WHAT IS EXPECTED
Only the lines below from the one containing "Zegar Dodge Chrysler" through the last line should be set down, exactly as written and with no pictures.

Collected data
------------------------
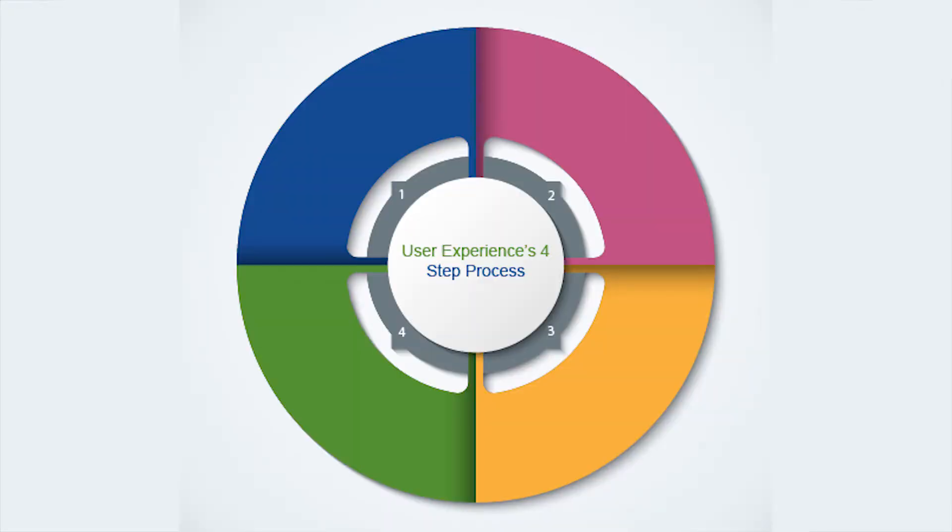User experience works on a four-step process. The first step of that process is discovery, making sure we understand the problem that we're trying to solve. The second step is design, making sure we're able to solve that problem in a way that works well.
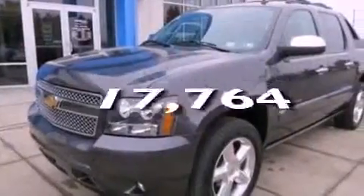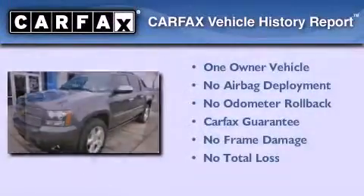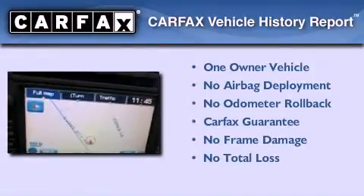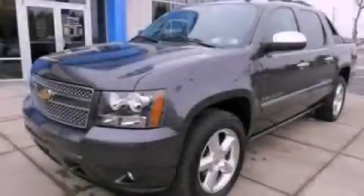And this vehicle has fewer than 18,000 miles on the odometer. This Chevrolet has had only one owner, and it qualifies for the Carfax buyback guarantee. Stop by today and test drive this vehicle for yourself.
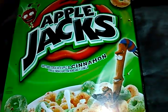Next, box of Apple Jacks, $2. And a box of Fruit Loops, $2.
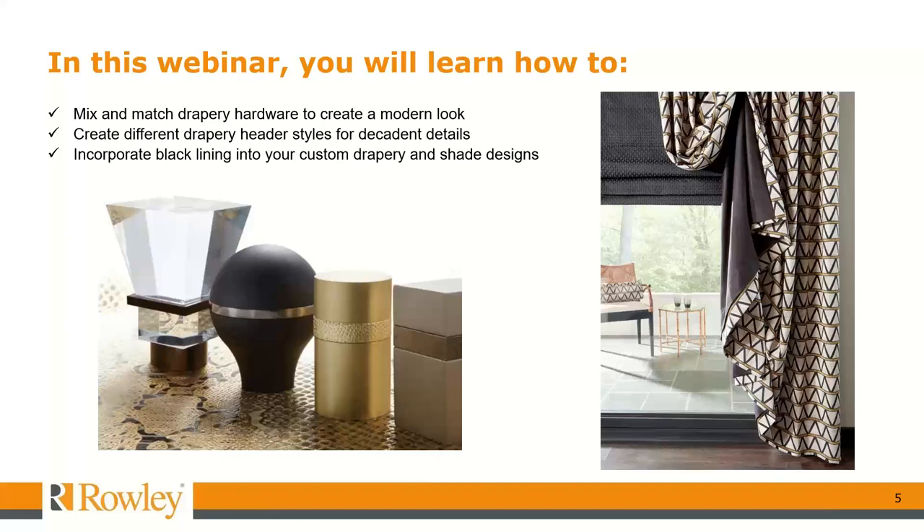In this webinar, you'll learn how to mix and match drapery hardware to create a modern look, how to create different drapery header styles for decadent details, and how to incorporate black lining into your custom drapery and shade designs.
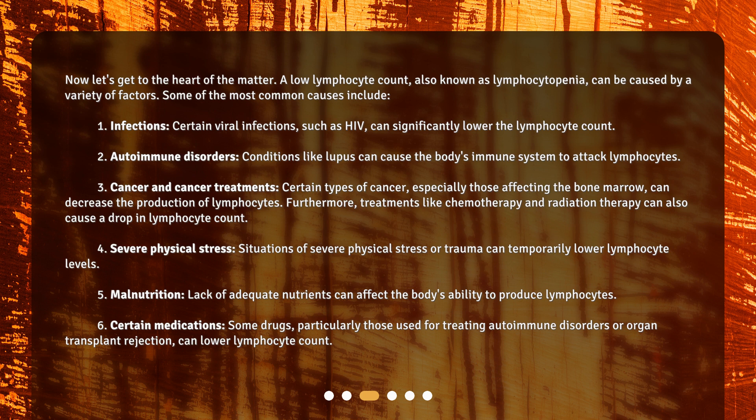3. Cancer and cancer treatments — certain types of cancer, especially those affecting the bone marrow, can decrease the production of lymphocytes. Furthermore, treatments like chemotherapy and radiation therapy can also cause a drop in lymphocyte count. 4. Severe physical stress — situations of severe physical stress or trauma can temporarily lower lymphocyte levels. 5. Malnutrition — lack of adequate nutrients can affect the body's ability to produce lymphocytes. 6. Certain medications — some drugs, particularly those used for treating autoimmune disorders or organ transplant rejection, can lower lymphocyte count.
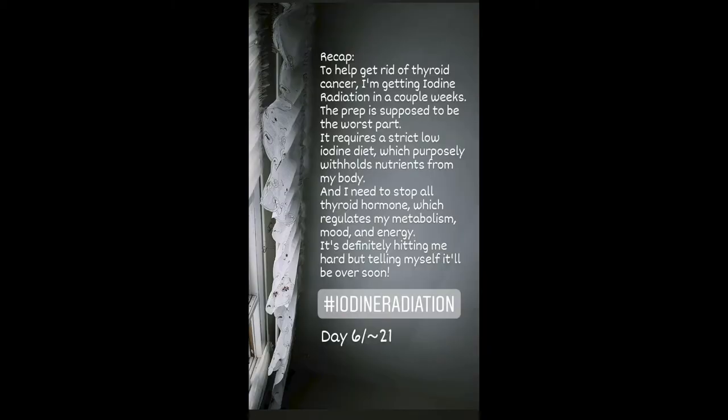Right when I came back from my trip, I needed to start the iodine radiation prep. To help get rid of my thyroid cancer, I'm getting iodine radiation in a couple weeks. The prep is supposed to be the worst part — it requires a strict low iodine diet, which purposely withholds nutrition you'd normally need, and I need to stop all thyroid hormone. This is day 6 out of about 21, and it's definitely hitting me hard.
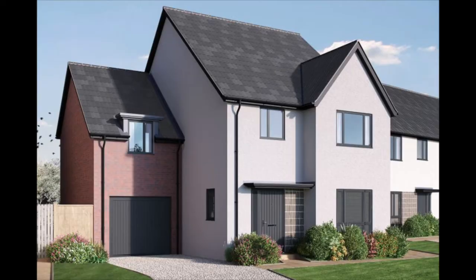Hi everyone, welcome back to my channel. Thank you so much for joining me for today's video. I hope that you're well. In today's video I wanted to do an empty house tour of our new house.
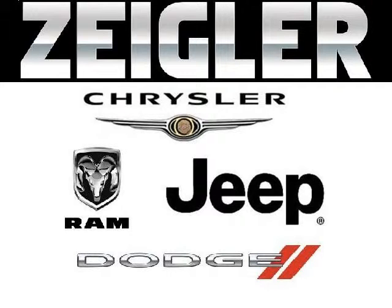Zegar Dodge Chrysler Jeep Ram Downers Grove is the dealership for you, conveniently located in Downers Grove off of 2311 Ogden Avenue.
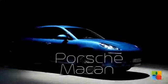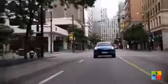Prepare for more rhetoric between traditionalist and modernist with the looming launch of the 2014 Porsche Macan. Buyers will get the choice of three engine options.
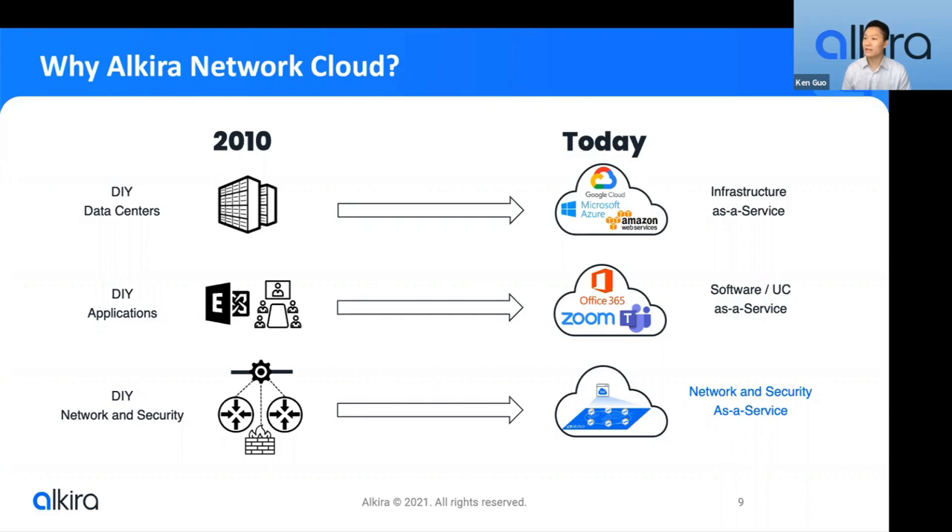On top of that, you also have to think about building an architecture to connect existing branches and data centers, remote users, and also do security efficiently — and that is really a lot to ask. What Alkira aims to do with our solution is to provide a platform that simplifies multi-cloud networking, solving these challenges both in terms of technology and agility, and offer it as a service.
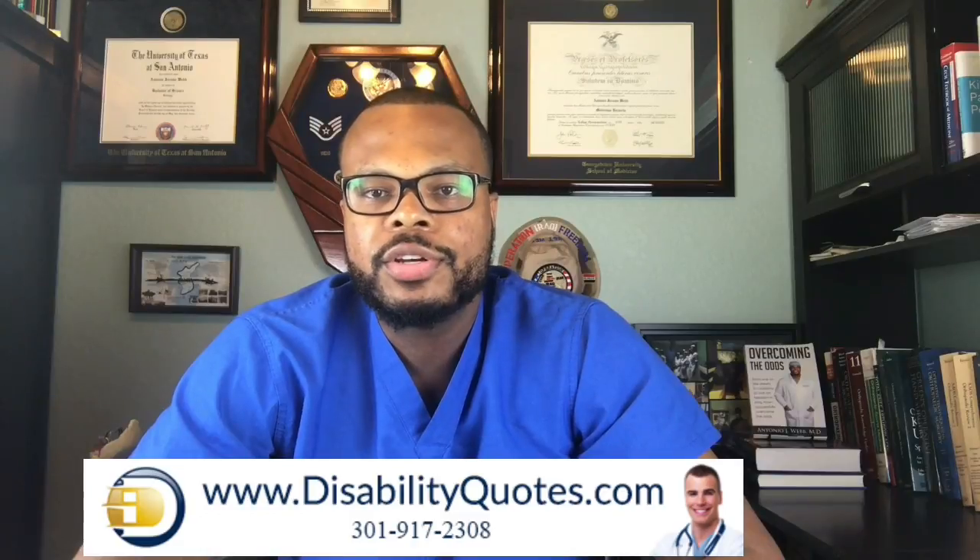This video is sponsored by DisabilityQuotes.com. They have been helping residents and practicing physicians find the right type of disability insurance for the past 20 years. This is a type of insurance that ensures your income continues in the event that you cannot continue practicing medicine. It's so important that I personally have disability insurance. Click on the link below in the description for a free quote from them today.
------------------------
OUTPUT BELOW
Zegar Dodge Chrysler Jeep Ram Downers Grove is the dealership for you, conveniently located in Downers Grove off of 2311 Ogden Avenue.
Prepare for more rhetoric between traditionalist and modernist with the looming launch of the 2014 Porsche Macan. Buyers will get the choice of three engine options.
On top of that, you also have to think about building an architecture to connect existing branches and data centers, remote users, and also do security efficiently — and that is really a lot to ask. What Alkira aims to do with our solution is to provide a platform that simplifies multi-cloud networking, solving these challenges both in terms of technology and agility, and offer it as a service.
This video is sponsored by DisabilityQuotes.com. They have been helping residents and practicing physicians find the right type of disability insurance for the past 20 years. This is a type of insurance that ensures your income continues in the event that you cannot continue practicing medicine. It's so important that I personally have disability insurance. Click on the link below in the description for a free quote from them today.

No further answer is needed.